*** Opening of Working data ***

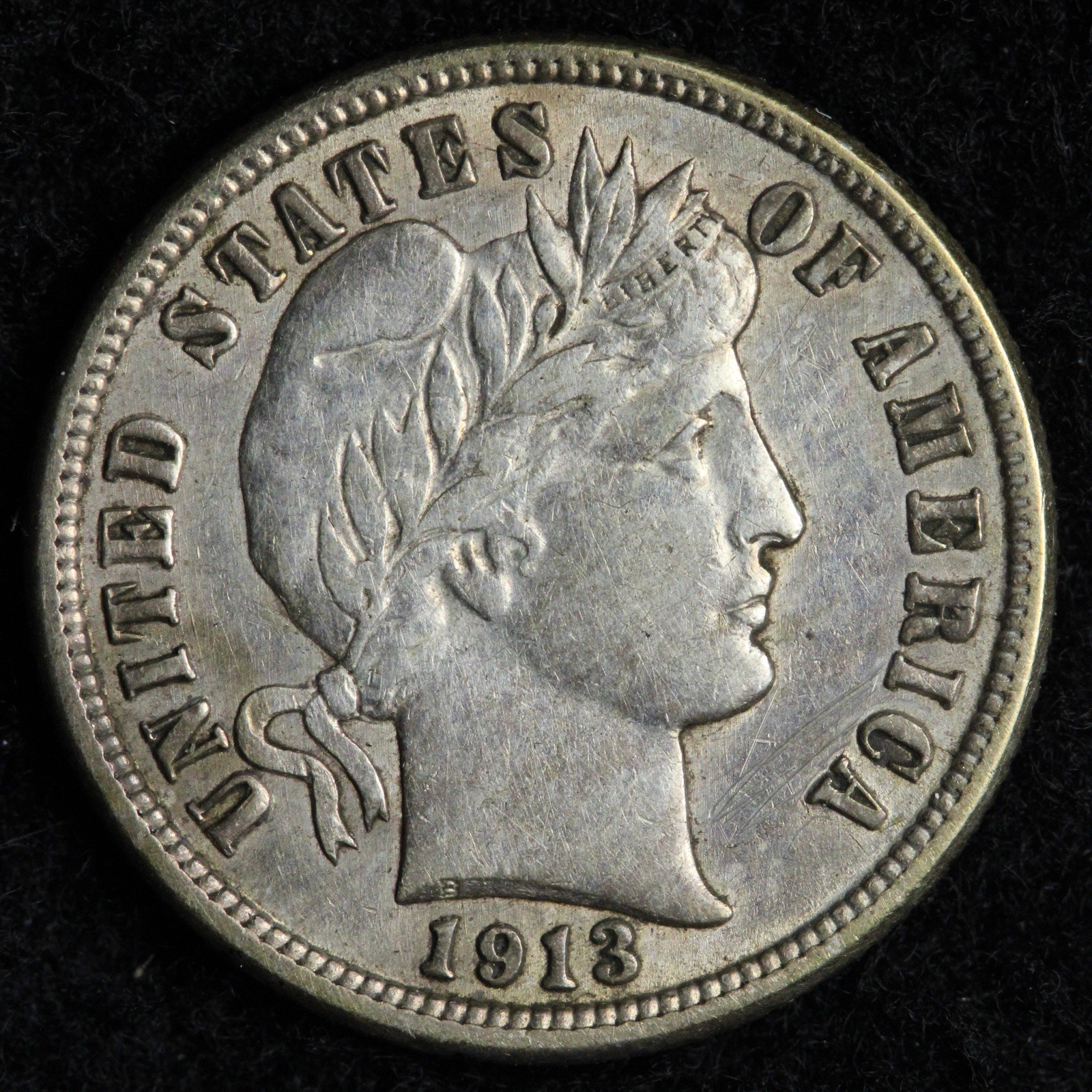 1913 Barber Silver Dime AU E219 AKQB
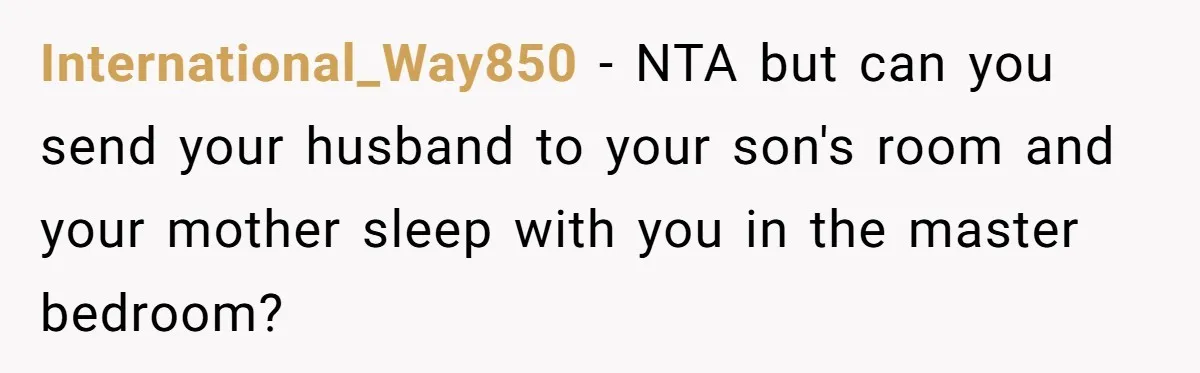Family Can’t Agree Where Grandma Should Sleep, Son Refuses To Compromise International_Way850 − NTA but can you send your husband to your son's room and your mother sleep with you in the master bedroom?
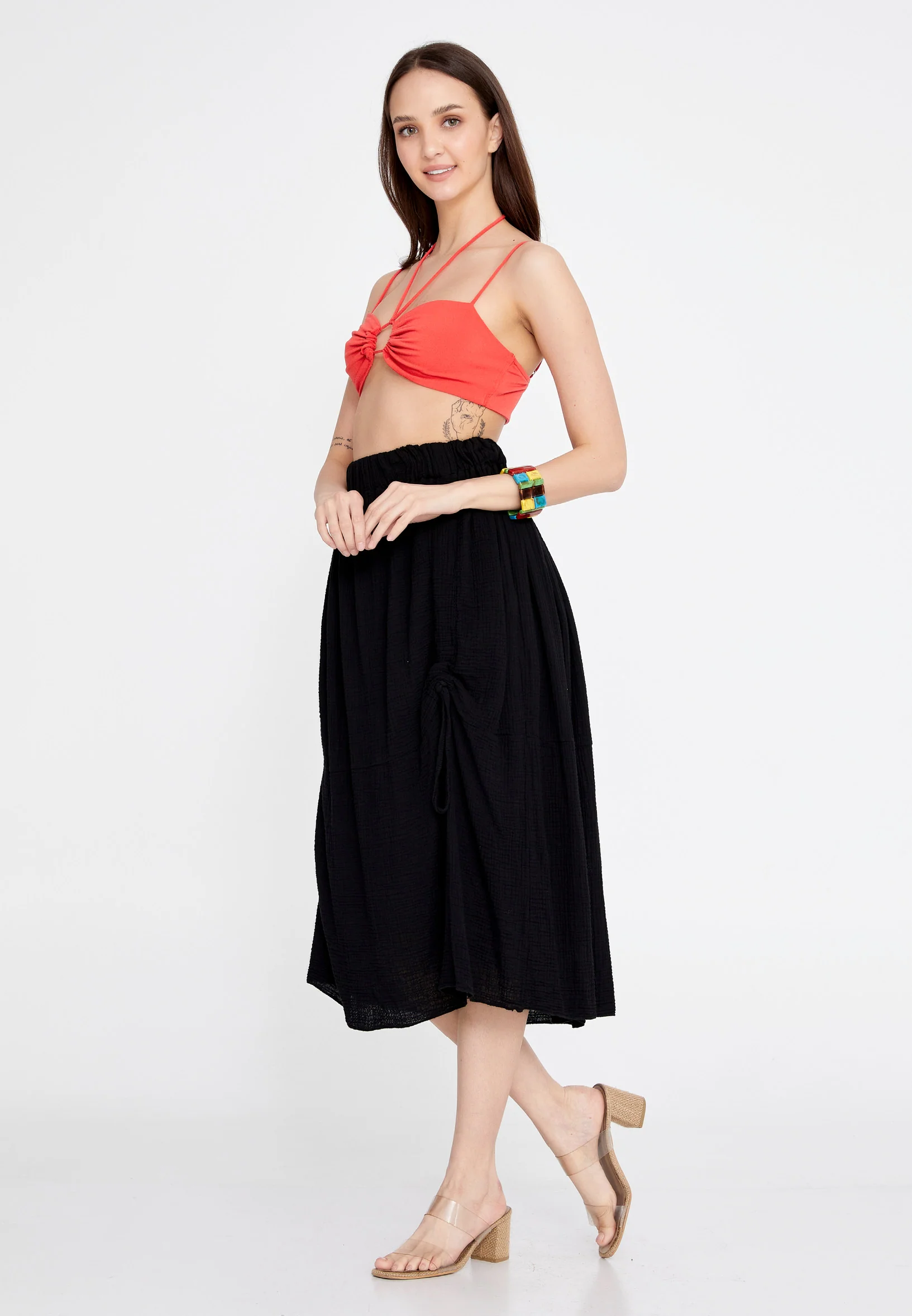 Midi Solid Color Regular Skirt rui19456 - Image 4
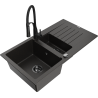 Mexen Matias fregadero de granito de 1,5 senos con escurridor y grifo de cocina Aster, negro/dorado metálico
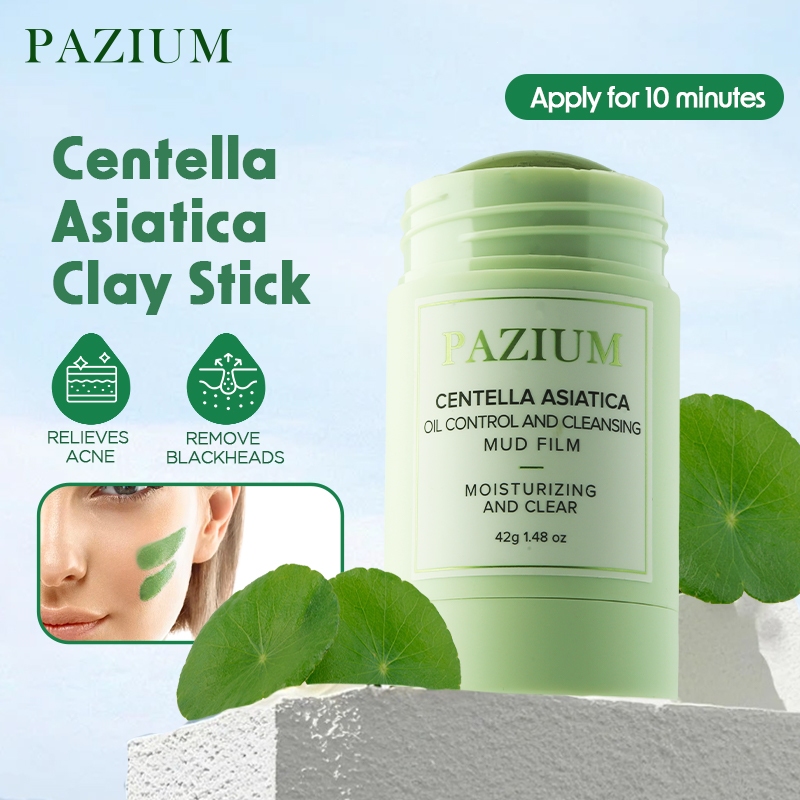 PAZIUM มาส์กโคลนใบบัวบก โคลนใบบัวบก ทำความสะอาดล้ำลึก ป้องกันสิว มาส์กโคลนทำความสะอาดผิวอย่างอ่อนโยน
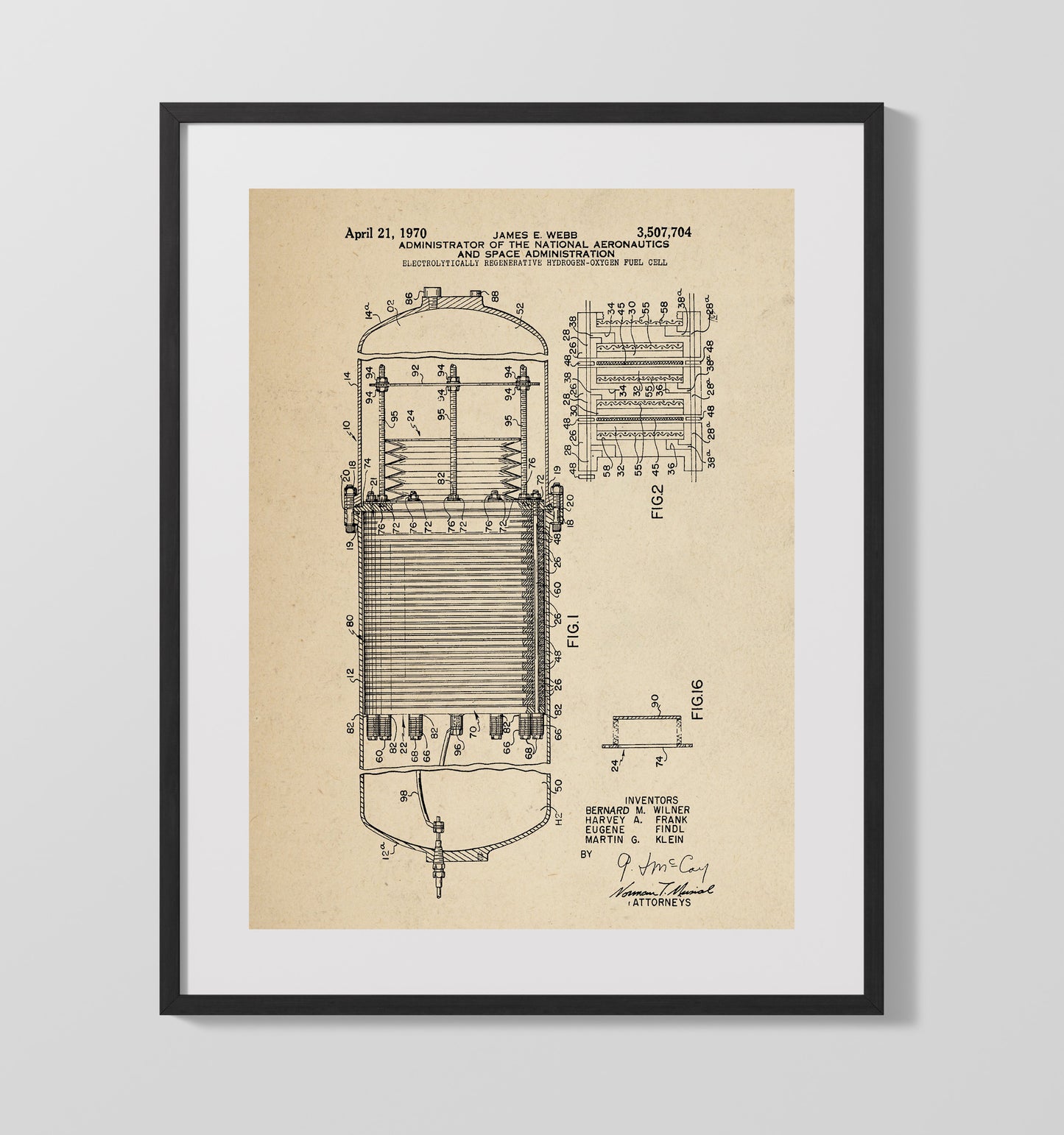 Electrolytically Regenerative Hydrogen-Oxygen Fuel Cell 1970 patent print wall art 16x20 Gallery Frame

*** Close of Working data ***

About this exercise: Transcribe every entry word for word, but skip the pictures.

Answer area:
 1913 Barber Silver Dime AU E219 AKQB
Family Can’t Agree Where Grandma Should Sleep, Son Refuses To Compromise International_Way850 − NTA but can you send your husband to your son's room and your mother sleep with you in the master bedroom?
 Midi Solid Color Regular Skirt rui19456 - Image 4
 Mexen Matias fregadero de granito de 1,5 senos con escurridor y grifo de cocina Aster, negro/dorado metálico
 PAZIUM มาส์กโคลนใบบัวบก โคลนใบบัวบก ทำความสะอาดล้ำลึก ป้องกันสิว มาส์กโคลนทำความสะอาดผิวอย่างอ่อนโยน
 Electrolytically Regenerative Hydrogen-Oxygen Fuel Cell 1970 patent print wall art 16x20 Gallery Frame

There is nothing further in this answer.